Re: Possible deadlock detected in Linux 6.2.0 in dm_get_inactive_table (dm-ioctl.c)

From: Mike Snitzer
Date: Mon Apr 17 2023 - 12:21:08 EST


On Mon, Apr 17 2023 at 1:08P -0400,
Zheng Zhang <zheng.zhang@xxxxxxxxxxxxx> wrote:

> Alasdir, Mike, and to whom it may concern:
>
> Hello! We have found a bug in the Linux kernel version 6.2.0 by syzkaller
> with our own templates.
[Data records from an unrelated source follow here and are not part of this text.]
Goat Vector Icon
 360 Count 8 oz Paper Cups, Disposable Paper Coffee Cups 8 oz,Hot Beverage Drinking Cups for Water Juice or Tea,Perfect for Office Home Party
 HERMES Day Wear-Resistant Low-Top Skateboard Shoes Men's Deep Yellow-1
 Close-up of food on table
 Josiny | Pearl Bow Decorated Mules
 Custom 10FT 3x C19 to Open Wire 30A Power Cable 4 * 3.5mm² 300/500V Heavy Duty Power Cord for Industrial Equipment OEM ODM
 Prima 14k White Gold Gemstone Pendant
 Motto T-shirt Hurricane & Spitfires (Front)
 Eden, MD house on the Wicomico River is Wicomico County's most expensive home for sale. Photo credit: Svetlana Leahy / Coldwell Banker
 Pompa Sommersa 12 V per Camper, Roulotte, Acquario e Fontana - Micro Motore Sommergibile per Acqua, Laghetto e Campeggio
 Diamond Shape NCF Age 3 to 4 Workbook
The bug causes a possible recursive locking
> scenario, resulting in a deadlock.
> The key trace is as follows (the complete trace is in the attached report
> file):
>
> down_read+0x9d/0x450 kernel/locking/rwsem.c:1509
>
> dm_get_inactive_table+0x2b/0xc0 drivers/md/dm-ioctl.c:773
>
> __dev_status+0x4fd/0x7c0 drivers/md/dm-ioctl.c:844
> table_clear+0x197/0x280 drivers/md/dm-ioctl.c:1537
>
> In table_clear, it acquires a *write lock*
> https://elixir.bootlin.com/linux/v6.2/source/drivers/md/dm-ioctl.c#L1520
> down_write(&_hash_lock);
>
> Then before the lock is released at L1539, there is a path shown above:
> table_clear -> __dev_status -> dm_get_inactive_table -> down_read
> https://elixir.bootlin.com/linux/v6.2/source/drivers/md/dm-ioctl.c#L773
> down_read(&_hash_lock);
> It tries to acquire* the same read lock* again, resulting in the deadlock
> problem
>
> Attached is the report, log, and reproducers generated by syzkaller
> Please let me know if there is any additional information that I can
> provide to help debug this issue.
> Thanks!

Thanks for the report, I've staged this fix:

From: Mike Snitzer <snitzer@xxxxxxxxxx>
Subject: [PATCH] dm ioctl: fix nested locking in table_clear() to remove
deadlock concern

syzkaller found the following problematic rwsem locking (with write
lock already held):

down_read+0x9d/0x450 kernel/locking/rwsem.c:1509
dm_get_inactive_table+0x2b/0xc0 drivers/md/dm-ioctl.c:773
__dev_status+0x4fd/0x7c0 drivers/md/dm-ioctl.c:844
table_clear+0x197/0x280 drivers/md/dm-ioctl.c:1537

In table_clear, it first acquires a write lock
https://elixir.bootlin.com/linux/v6.2/source/drivers/md/dm-ioctl.c#L1520
down_write(&_hash_lock);

Then before the lock is released at L1539, there is a path shown above:
table_clear -> __dev_status -> dm_get_inactive_table -> down_read
https://elixir.bootlin.com/linux/v6.2/source/drivers/md/dm-ioctl.c#L773
down_read(&_hash_lock);

It tries to acquire the same read lock again, resulting in the deadlock
problem.

Fix this by moving table_clear()'s __dev_status() call to after its
up_write(&_hash_lock);

Cc: stable@xxxxxxxxxxxxxxx
Reported-by: Zheng Zhang <zheng.zhang@xxxxxxxxxxxxx>
Signed-off-by: Mike Snitzer <snitzer@xxxxxxxxxx>
---
drivers/md/dm-ioctl.c | 7 ++++---
1 file changed, 4 insertions(+), 3 deletions(-)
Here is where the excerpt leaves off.